Transcripts are formatted drastically differently from screenplay:

- Lines are attributed only as a new character is introduced, and subsequent lines do not explicity identify the speaking character.
- Dialog lines are split into multiple lines.
- Dialog lines randomly end in middle of lines.
- Action/Direction is mixed into dialog, need to regex away anything between []
- There's music, need to regex away anything between ♪♪

In [1]:
import json
import re

In [2]:
def open_json(file_path):
    with open(file_path, 'r') as f:
        return json.load(f)

In [3]:
mmm_scripts = open_json('./data/maisel_scripts.json')

In [4]:
def split_title(title):
    [season, episode] = map(lambda n: int(n), title.split(' - ')[0].split('x'))
    return season, episode

In [5]:
for s, script in enumerate(mmm_scripts):
    title = script['title']
    [x, y] = map(lambda n: int(n), title.split(' - ')[0].split('x'))
    print(s, x, y, flush=True)

0 1 1
1 1 2
2 1 3
3 1 4
4 1 5
5 1 6
6 1 7
7 1 8
8 2 1
9 2 2
10 2 3
11 2 4
12 2 5
13 2 6
14 2 7
15 2 8
16 2 9
17 2 10
18 3 1
19 3 2
20 3 3
21 3 4
22 3 5
23 3 6
24 3 7
25 3 8
26 4 1
27 4 2
28 4 3
29 4 4
30 4 5
31 4 6
32 4 7
33 4 8


In [6]:
def munge_script(script, count = False):
    curr_line = ""
    clean_script = []
    n = 0
    for line in script:
        strip_line = line.strip()
        clean_lines = strip_line.split('\n')
        for clean_line in clean_lines:
            # Remove music
            re_music = re.compile(r'♪.*♪')
            clean_line = re.sub(re_music, '', clean_line)

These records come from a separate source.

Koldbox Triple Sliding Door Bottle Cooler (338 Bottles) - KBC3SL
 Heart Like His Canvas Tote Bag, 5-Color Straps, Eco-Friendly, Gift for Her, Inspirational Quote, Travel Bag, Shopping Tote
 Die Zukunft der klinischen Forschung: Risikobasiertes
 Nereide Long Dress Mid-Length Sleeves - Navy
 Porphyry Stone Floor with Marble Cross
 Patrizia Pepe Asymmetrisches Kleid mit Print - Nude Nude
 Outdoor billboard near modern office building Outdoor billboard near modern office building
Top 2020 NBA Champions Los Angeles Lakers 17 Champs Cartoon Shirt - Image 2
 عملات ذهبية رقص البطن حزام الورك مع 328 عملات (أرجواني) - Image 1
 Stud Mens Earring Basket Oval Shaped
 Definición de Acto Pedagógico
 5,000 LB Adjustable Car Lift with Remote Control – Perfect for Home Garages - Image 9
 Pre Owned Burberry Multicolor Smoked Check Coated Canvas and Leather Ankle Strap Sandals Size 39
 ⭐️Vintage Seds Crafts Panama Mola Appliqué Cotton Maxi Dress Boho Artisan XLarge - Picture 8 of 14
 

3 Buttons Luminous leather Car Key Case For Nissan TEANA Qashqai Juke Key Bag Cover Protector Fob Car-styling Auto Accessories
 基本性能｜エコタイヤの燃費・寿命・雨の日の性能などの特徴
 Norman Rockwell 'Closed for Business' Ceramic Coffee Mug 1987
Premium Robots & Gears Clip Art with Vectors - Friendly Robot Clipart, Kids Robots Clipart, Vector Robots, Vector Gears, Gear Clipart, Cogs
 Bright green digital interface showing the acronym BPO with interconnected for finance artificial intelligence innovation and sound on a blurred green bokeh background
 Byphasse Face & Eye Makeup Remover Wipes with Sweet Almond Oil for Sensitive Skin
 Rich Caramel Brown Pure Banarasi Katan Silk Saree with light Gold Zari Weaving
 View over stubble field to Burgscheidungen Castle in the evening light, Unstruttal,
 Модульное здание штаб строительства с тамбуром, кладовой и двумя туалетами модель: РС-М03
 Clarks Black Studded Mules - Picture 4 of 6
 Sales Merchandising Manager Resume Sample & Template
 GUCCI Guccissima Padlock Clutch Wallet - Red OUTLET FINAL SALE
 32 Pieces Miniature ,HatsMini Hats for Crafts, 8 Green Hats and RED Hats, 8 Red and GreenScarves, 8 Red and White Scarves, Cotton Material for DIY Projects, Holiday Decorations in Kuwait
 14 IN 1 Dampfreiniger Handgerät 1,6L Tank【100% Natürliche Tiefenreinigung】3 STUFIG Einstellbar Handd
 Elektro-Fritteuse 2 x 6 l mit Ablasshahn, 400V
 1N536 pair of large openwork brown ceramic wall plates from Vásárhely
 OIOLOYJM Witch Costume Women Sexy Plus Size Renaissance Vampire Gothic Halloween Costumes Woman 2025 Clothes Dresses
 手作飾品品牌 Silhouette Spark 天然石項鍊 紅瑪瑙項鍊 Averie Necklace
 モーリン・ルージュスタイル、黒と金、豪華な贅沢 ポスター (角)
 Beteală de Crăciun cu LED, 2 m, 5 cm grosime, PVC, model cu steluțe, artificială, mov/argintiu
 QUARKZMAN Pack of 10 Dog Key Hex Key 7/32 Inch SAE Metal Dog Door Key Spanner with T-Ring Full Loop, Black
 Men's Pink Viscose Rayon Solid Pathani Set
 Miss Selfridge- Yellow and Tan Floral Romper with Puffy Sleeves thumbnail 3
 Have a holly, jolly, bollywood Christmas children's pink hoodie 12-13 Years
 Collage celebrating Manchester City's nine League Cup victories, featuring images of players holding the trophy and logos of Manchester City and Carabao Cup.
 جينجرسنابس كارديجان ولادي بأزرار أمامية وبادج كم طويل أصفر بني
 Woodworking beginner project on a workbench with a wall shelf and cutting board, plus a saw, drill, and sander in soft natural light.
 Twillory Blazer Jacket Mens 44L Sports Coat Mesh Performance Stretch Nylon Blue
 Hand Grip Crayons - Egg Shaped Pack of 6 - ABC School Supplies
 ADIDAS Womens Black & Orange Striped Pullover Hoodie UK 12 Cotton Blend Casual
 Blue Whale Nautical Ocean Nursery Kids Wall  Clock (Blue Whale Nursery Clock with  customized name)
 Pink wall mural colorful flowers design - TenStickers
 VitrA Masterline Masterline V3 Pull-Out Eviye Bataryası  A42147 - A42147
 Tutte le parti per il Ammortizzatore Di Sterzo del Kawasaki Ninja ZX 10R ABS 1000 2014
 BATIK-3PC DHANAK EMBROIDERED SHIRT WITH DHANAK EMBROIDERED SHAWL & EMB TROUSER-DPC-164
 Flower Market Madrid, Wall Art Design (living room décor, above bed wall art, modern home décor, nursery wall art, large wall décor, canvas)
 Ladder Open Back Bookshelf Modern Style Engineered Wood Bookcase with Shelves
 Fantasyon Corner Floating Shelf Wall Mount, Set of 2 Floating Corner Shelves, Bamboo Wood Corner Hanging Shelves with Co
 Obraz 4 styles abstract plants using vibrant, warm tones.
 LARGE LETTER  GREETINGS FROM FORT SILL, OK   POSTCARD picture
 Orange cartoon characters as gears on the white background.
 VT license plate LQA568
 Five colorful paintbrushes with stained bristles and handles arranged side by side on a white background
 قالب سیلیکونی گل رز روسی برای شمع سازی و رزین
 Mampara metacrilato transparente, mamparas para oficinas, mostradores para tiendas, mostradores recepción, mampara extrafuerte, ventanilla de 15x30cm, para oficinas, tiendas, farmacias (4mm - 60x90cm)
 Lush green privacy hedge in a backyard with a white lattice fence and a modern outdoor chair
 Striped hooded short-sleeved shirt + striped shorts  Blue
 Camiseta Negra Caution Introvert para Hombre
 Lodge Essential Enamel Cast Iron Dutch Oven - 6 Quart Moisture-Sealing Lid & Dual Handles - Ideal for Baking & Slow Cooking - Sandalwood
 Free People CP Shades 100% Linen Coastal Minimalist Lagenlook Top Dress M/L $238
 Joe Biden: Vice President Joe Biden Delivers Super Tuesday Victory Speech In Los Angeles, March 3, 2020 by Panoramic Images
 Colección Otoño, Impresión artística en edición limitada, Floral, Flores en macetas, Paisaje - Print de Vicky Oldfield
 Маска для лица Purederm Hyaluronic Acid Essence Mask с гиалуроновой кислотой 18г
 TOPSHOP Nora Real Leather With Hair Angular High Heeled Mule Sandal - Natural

            # Remove action direction
            re_action = re.compile(r'\[.*?\]')
            clean_line = re.sub(re_action, '', clean_line)

            # Iteratively Remove dashes from speaker changes
            re_dash = re.compile(r'^ *- *')
            while re.match(re_dash, clean_line):
                clean_line = re.sub(re_dash, '', clean_line)

            # Remove speaker names
            re_name = re.compile(r'^\w+: *')
            clean_line = re.sub(re_name, '', clean_line)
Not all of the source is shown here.